424 F. Supp. 1088 (1976)

Gary L. MILLIGAN, Petitioner,
W. T. STONE, Warden, Soledad State Prison, Respondent.

Civ. No. 75-508-T.

United States District Court, S. D. California.

January 5, 1976.

*1089 *1090 Gary L. Milligan in pro per.

Evelle J. Younger, Atty. Gen., Sacramento, Cal., by Alan S. Meth, Deputy Atty. Gen., San Diego, Cal., for respondent.


TURRENTINE, District Judge.

Petitioner filed in this Court a petition for a writ of habeas corpus pursuant to 28 U.S.C. § 2254. Petitioner alleges that (1) he was denied his Fourteenth Amendment right to a fair hearing on his motion to suppress because the judge was biased against him; (2) he was denied his Fourth Amendment right to be free from unreasonable searches and seizures because his initial detention was unlawful, and (3) he was denied his Sixth Amendment right to effective aid of counsel during his suppression hearing, guilty plea, and sentencing. Based on the prisoner's petition, the State's return, and the State court transcript and record, this Court finds that none of petitioner's constitutional rights were violated and that his petition for a writ of habeas corpus must be dismissed.


At 2:30 a. m. on July 3, 1973, Officer William Ritter observed petitioner and another man sitting in a vehicle parked in front of an all-night coin-operated laundry in a small shopping center. There had been numerous thefts in the area, including thefts from coin machines. Ritter approached the vehicle and asked the two men for identification. Neither was able to produce any. Ritter asked the two what they were doing. They replied that they were going to do their laundry. Ritter asked the two men if he could search the pillow case that petitioner was holding. Milligan agreed and in the pillow case Ritter found a purse that had been stolen the day before. The vehicle was later searched and a .45 caliber automatic was found.

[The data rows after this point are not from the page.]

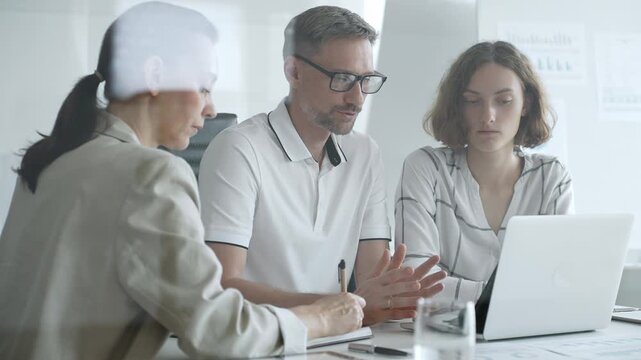 Professional team working together, reviewing digital analytics on laptop screen while strategizing corporate project details in modern workplace environment. Business people concept - Powered by Adobe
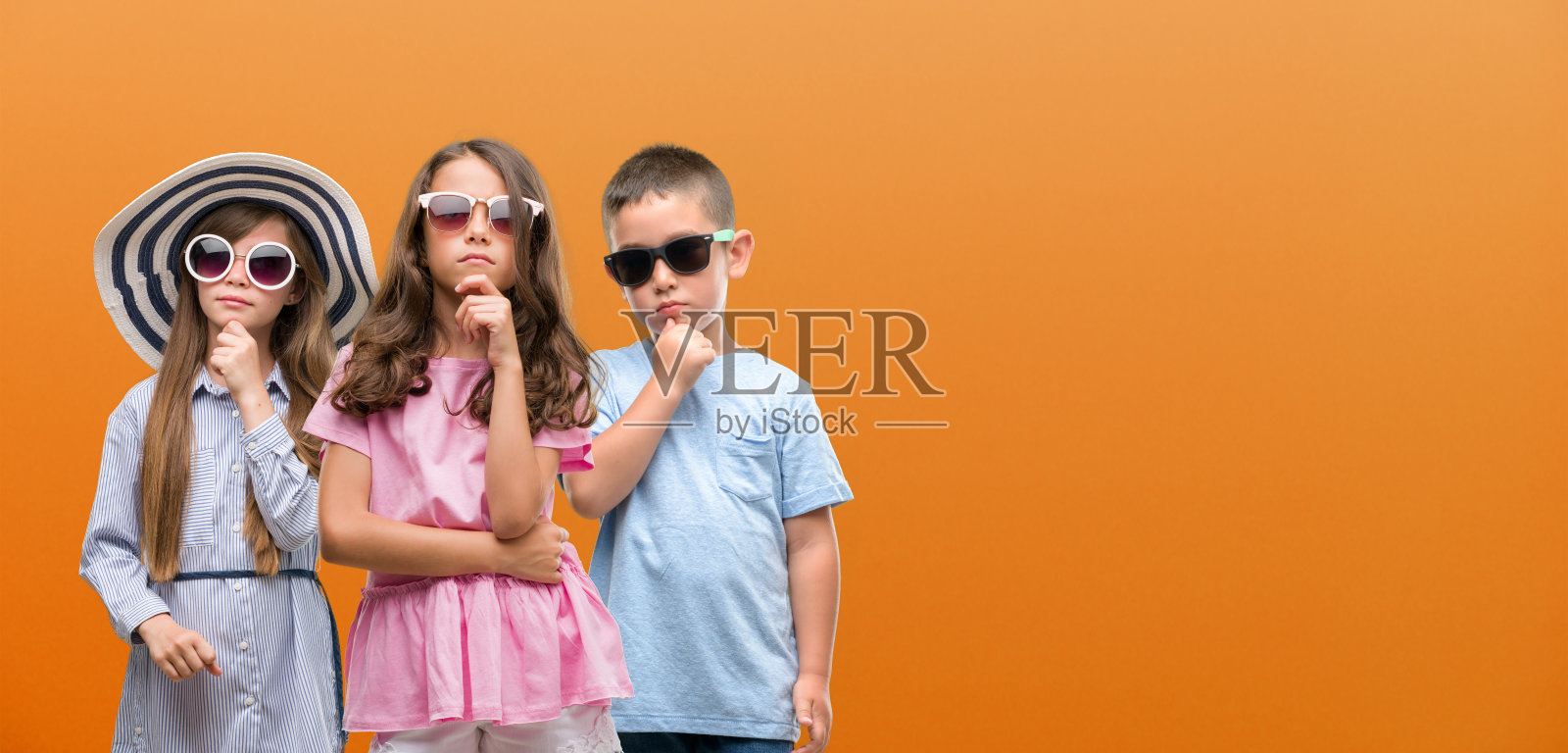 一群男孩和女孩的孩子在橙色的背景严肃地面对思考问题，非常困惑的想法照片摄影图片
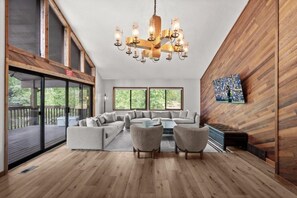 The sitting area features cozy furniture, a TV,... - Canyons Village Retreat•Stunning Mtn Views•Community Pools, Hot Tubs, and More (Park City)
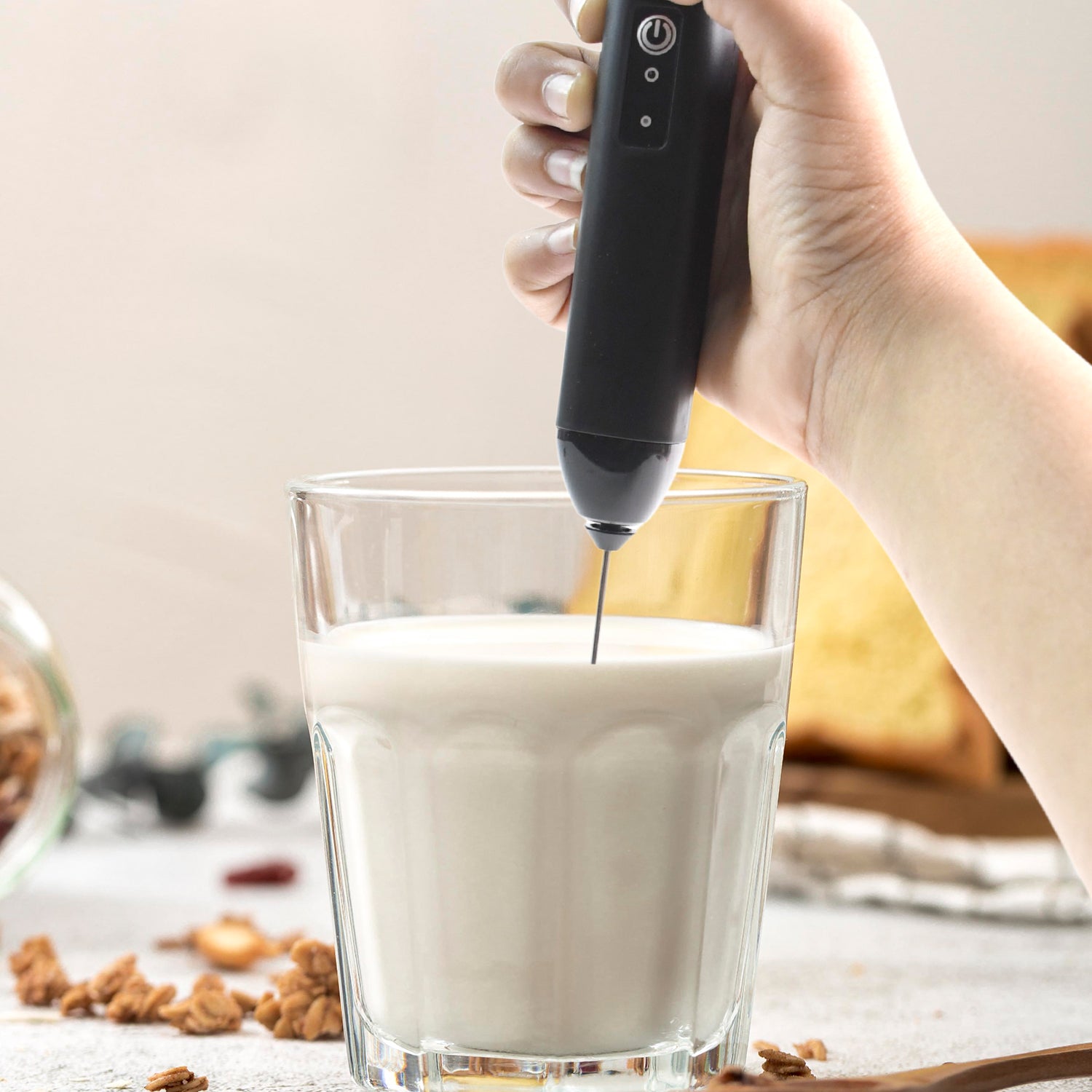 Wukusy small electric handheld milk frother with stainless steel whisk for creating creamy foam and drinks at home.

After a hearing, petitioner's motion to suppress the weapon only was granted. Pursuant to a plea bargain, petitioner pleaded guilty to first degree robbery and three additional counts were dismissed. He was sentenced to state prison. The California Court of Appeal affirmed the conviction. The California Supreme Court refused to grant petitioner a hearing.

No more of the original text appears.